## Data shown
"""
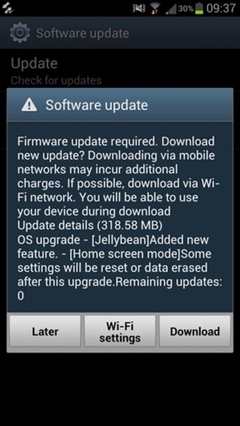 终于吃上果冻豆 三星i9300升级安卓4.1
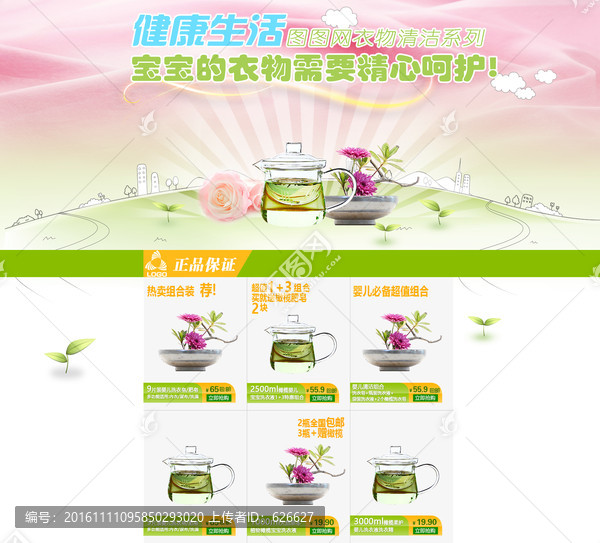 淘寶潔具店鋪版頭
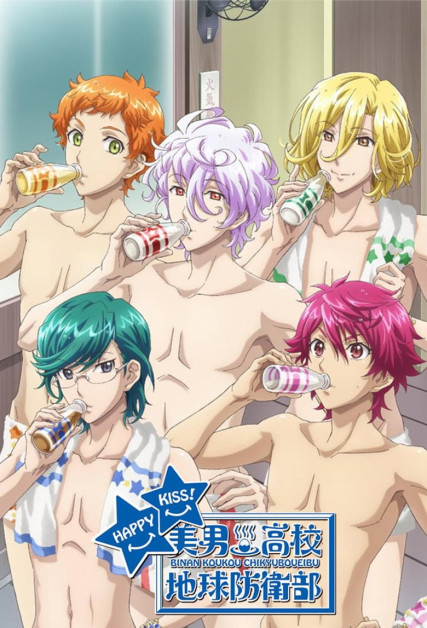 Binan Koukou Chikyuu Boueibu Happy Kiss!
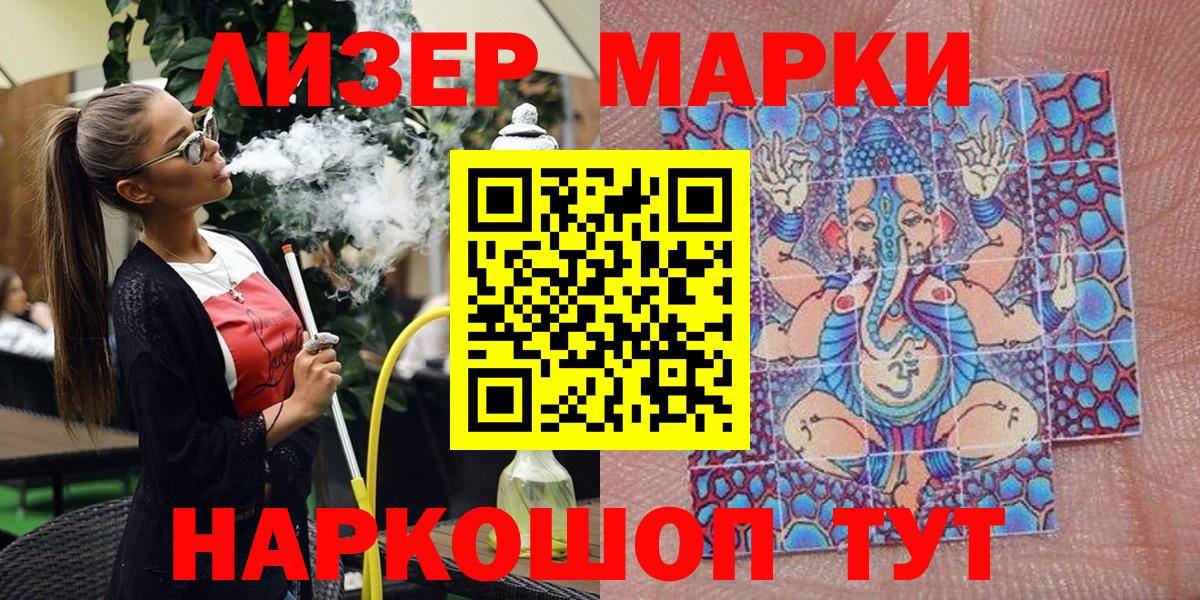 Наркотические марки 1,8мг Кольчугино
"""
"""
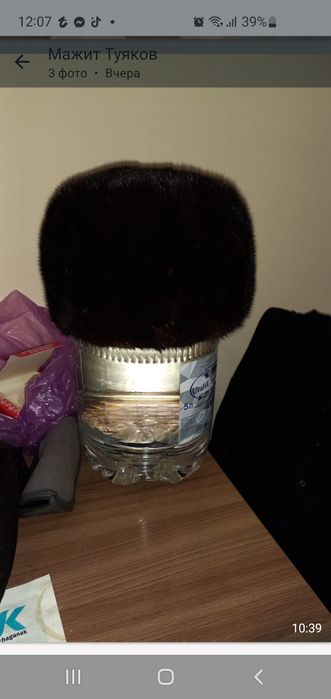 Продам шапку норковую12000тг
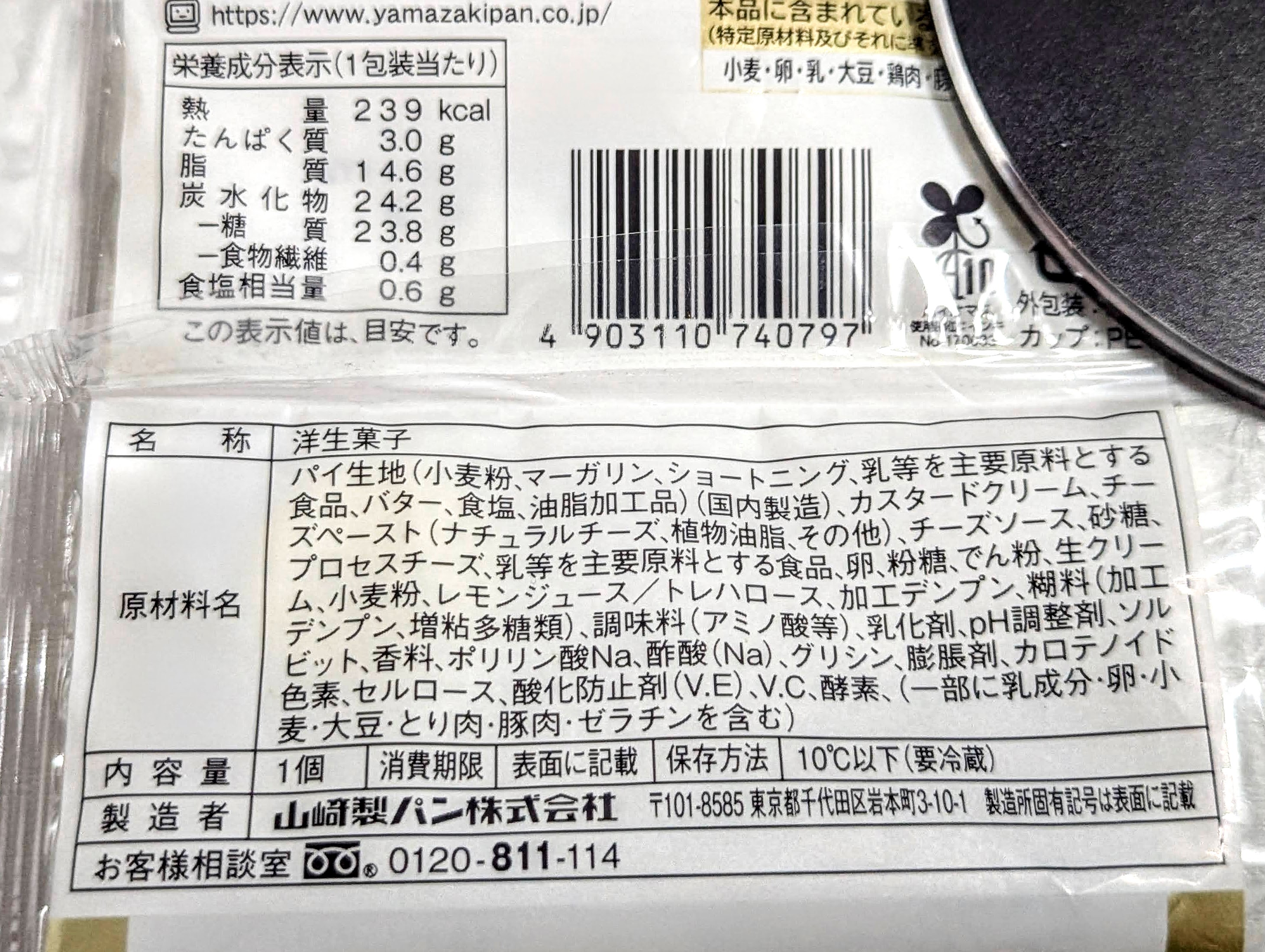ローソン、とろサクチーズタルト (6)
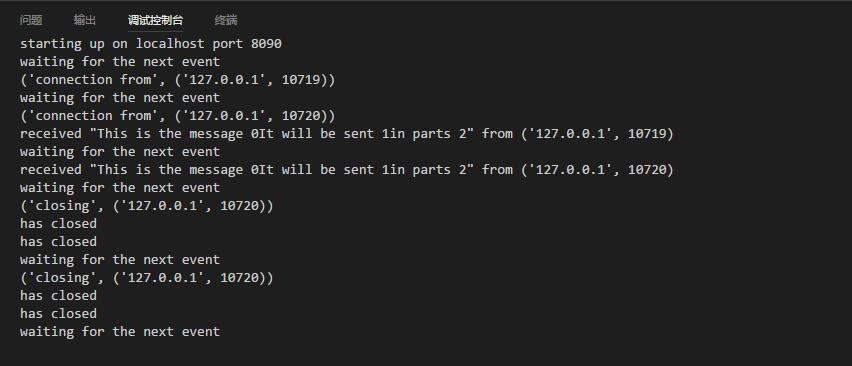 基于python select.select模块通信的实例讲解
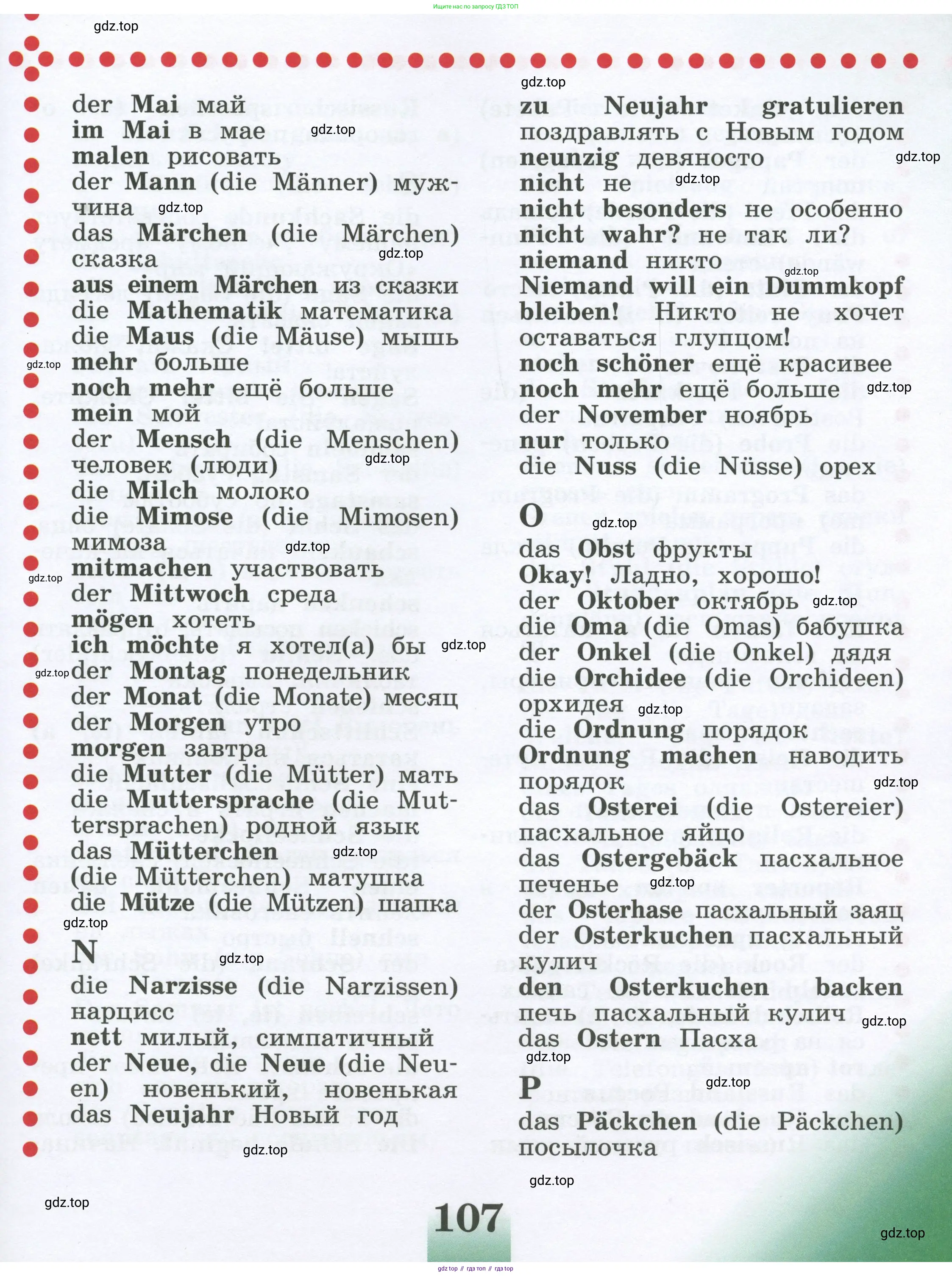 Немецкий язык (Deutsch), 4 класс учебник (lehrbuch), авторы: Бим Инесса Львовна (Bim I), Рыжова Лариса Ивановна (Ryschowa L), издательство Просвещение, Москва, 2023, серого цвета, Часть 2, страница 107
"""
## What is needed
In the records above, everything from the line with "终于吃上果冻豆 三星i9300升级安卓4.1" down to the line with "Наркотические марки 1,8мг Кольчугино" is to be set down exactly, both ends included, with no pictures and no other lines.

## Solved exercise
 终于吃上果冻豆 三星i9300升级安卓4.1
 淘寶潔具店鋪版頭
 Binan Koukou Chikyuu Boueibu Happy Kiss!
 Наркотические марки 1,8мг Кольчугино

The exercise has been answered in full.